The film was theatrically released in the United States on April 26, 2024, by Lionsgate Films and Roadside Attractions.

== Reception ==
=== Box office ===
Boy Kills World grossed $2.6 million in the United States and Canada, and $643,341 in other territories, for a worldwide total of $3.3 million.

In the United States and Canada, Boy Kills World was released alongside Unsung Hero and Challengers, and was projected to gross $2–3 million from 1,993 theatres in its opening weekend. The film made $819,000 on its first day, including $500,000 from preview screenings. It went on to debut to $1.6 million.

===Critical response===
The film received mixed reviews from critics. Metacritic, which uses a weighted average, assigned the film a score of 47 out of 100, based on 27 critics, indicating "mixed or average" reviews. Audiences polled by CinemaScore gave the film an average grade of "B–" on an A+ to F scale, while those polled by PostTrak gave it a 71% overall positive score, with 50% saying they would definitely recommend it.

The Guardians Catherine Bray gave the film 3/5 stars, writing, "Skarsgård is a treat in the role; the character is deaf and mute, so his performance approaches something of a lethal Buster Keaton... Unfortunately, you will often find yourself hoping the film can match his level." Tim Robey of The Daily Telegraph gave it 4/5 stars, saying it was "pushy and zany and maybe won't stand a rewatch, but maybe it will. The game physicality of it won me over." The Globe and Mails Radheyan Simonpillai called it "a cheeky post-Deadpool comedy – irreverent to a fault – with grindhouse aesthetics that tend to feel inspired by Quentin Tarantino rather than the movies that inspired Quentin Tarantino."
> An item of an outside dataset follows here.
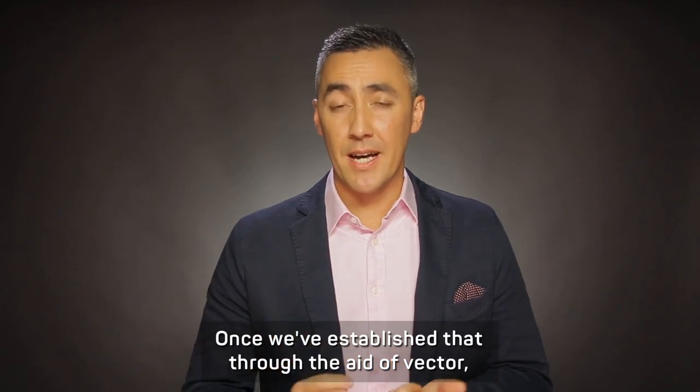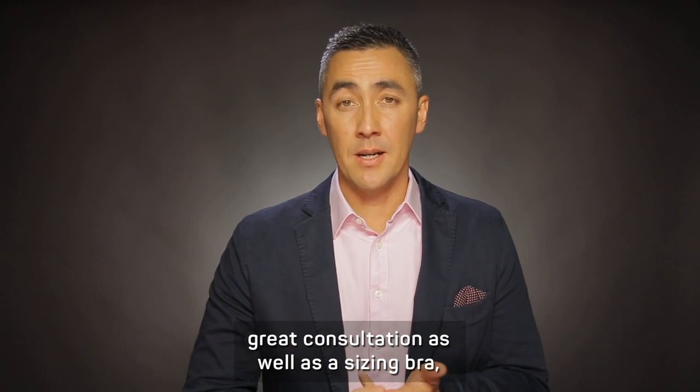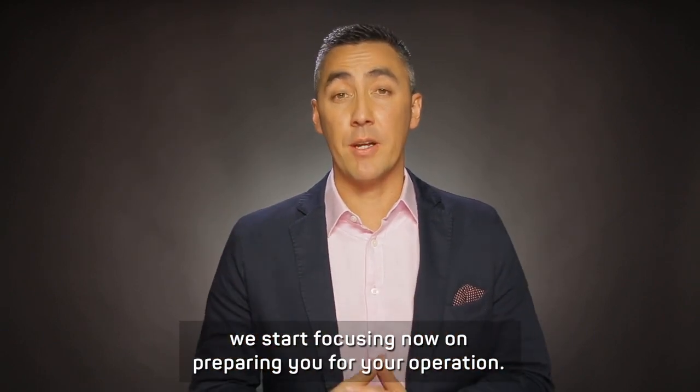Once we've established that through the aid of Vectra, a great consultation, as well as a sizing bra, we start focusing on preparing you for your operation.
The Ages Jake Wilson gave it 2.5/5 stars, writing, "Have I grown jaded? Maybe so. But it could be, too, that Boy Kills World suffers from the wrong kind of excess, not just in its approach to action but in the design of the plot, which piles one gimmick on top of another." Sophie Butcher of Empire wrote, "Despite some fun action excess and an impressively committed performance from Bill Skarsgård, Boy Kills World is a muddled, tiring mess, favouring violent shocks over cohesive storytelling." She gave it 2/5 stars.

==Follow-ups==
===Video game===
A spin-off video game, Super Dragon Punch Force 3, based on the arcade game of the same name in the film, was released on April 24, 2024.